Oddly, Bergmann’s real estate holdings seemed to have diminished to a mere $1,500 by April 1875, when the Territorial property tax assessment was made. However, he’d apparently made some powerful friends by that time, because when the New Mexico Territorial Penitentiary opened in Santa Fe in August 1885, Bergmann was named its first warden, a position he held until at least 1893. He must have gotten the mining fever once again, though, because he died in Colorado’s Bowl of Gold, near Cripple Creek, in 1910.

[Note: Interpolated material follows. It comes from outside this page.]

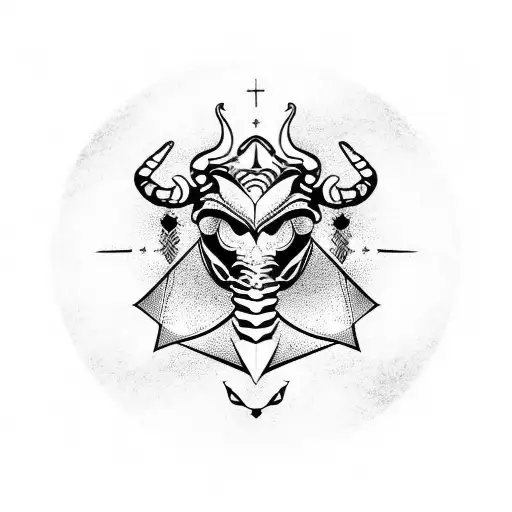 Scorpio With Leo Horoscope Sign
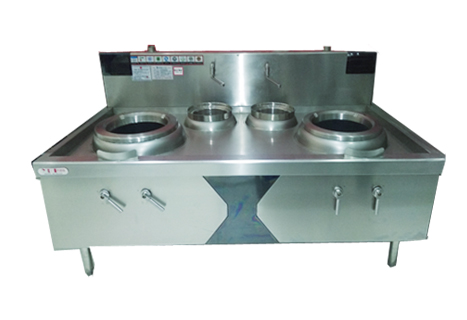 叼嘿软件下载大全設備清單1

Sources: Louis Felsenthal, Citizen-Soldier of Territorial New Mexico, Jacqueline Meketa, UNM Press, 1982; Lure, Lore, and Legends of the Moreno Valley, Moreno Valley Writers Guild, 1997, Columbine Books, Angel Fire, NM; Roadside History of Colorado, Candy Moulton, Mountain Press, Missoula, 2006; Philmont, A History of New Mexico’s Cimarron Country, Lawrence Murphy, UNM Press, Albuquerque, 2014; Red River City: A history of Northern New Mexico 1800-2000, J.R. Pierce, JRP Publications Press, Red River, 2006; The Eagle Nest, New Mexico Story, F. Stanley, Dumas, Texas, 1961; A Civil War History of the New Mexico Volunteers and Militia; Jerry Thompson, UNM Press, Albuquerque, 2015; Myth of the Hanging Tree, Robert J. Torrez, UNM Press, 2008.